1758-01-12, de Voltaire [François Marie Arouet] à Gabriel Amable Sénac de Meilhan.

Mes yeux ne vont pas trop bien monsieur mais ils ont un grand plaisir à lire vos lettres.
Vous jugez très bien. Il y a des vers un peu durs dans l'ouvrage que vous avez la bonté de m'envoier. Quand vous vous amuzez à en faire, les vôtres ont plus de facilité, de douceur et de grâces, mais je sens aussi l'horrible difficulté de faire une pièce telle que celle cy, et cette difficulté me rend bien indulgent. D'ailleurs on ne doit sentir que les bautez d'un auteur qui commence. Le public même a besoin de l'encourager. Probablement l'auteur est sans fortune.

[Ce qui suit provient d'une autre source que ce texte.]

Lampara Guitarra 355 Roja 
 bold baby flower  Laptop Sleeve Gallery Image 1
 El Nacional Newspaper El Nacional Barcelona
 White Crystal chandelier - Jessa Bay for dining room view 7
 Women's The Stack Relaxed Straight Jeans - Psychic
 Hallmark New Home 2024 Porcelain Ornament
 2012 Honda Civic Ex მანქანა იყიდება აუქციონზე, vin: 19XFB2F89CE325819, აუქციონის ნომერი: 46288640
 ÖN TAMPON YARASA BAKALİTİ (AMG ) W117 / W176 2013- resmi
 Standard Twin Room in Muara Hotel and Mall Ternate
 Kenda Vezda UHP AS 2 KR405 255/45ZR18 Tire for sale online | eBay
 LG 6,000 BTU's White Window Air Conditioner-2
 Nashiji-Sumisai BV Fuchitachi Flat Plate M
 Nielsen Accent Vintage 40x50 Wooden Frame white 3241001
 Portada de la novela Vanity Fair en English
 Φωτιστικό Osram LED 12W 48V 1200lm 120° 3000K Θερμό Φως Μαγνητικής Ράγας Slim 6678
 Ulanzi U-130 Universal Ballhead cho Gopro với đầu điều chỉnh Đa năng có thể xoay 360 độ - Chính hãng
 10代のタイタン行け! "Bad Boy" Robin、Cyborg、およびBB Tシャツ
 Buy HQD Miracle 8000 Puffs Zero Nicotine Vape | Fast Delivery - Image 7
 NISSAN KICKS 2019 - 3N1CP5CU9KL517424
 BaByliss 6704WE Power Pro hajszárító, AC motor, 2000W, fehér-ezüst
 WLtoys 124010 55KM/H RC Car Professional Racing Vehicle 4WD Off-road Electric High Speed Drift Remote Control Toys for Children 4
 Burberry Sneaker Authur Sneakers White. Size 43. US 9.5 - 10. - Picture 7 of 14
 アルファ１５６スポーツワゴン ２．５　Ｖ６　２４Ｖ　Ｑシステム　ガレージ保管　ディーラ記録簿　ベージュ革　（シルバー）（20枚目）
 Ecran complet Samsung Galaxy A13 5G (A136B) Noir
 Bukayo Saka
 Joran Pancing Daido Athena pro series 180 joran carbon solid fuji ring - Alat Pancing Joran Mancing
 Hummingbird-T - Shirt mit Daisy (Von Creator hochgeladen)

C'est encor une raison de plus pour disposer en sa faveur. On peut même dire de luy spirat tragicum satis et feliciter audet. Il m'a toujours paru qu'au téâtre le public était moins flatté de l'élégance continue d'une belle poésie, qu'il n'était frappé de la bauté des situations. Enfin je me fais un plaisir de chercher touttes les raisons qui peuvent justifier le succez d'un jeune homme qui a besoin d'encouragement. Nous allons jouer des pièces de téâtre dans ma retraitte de Lausane où je passe les hivers, et nous sentons tout le prix de l'indulgence. Je me vanterai à madame la marquise de Gentil, qui est une de nos actrices, que vous voulez bien me conserver un peu de souvenir. Pour moy je ne vous oublierai jamais. Je vous prie de vouloir bien présenter mes obéissances à mr votre père et à M. votre frère, et d'être persuadé des sentiments qui vous attachent pour jamais

le suisse V.

Made Denis vous fait ses compliments.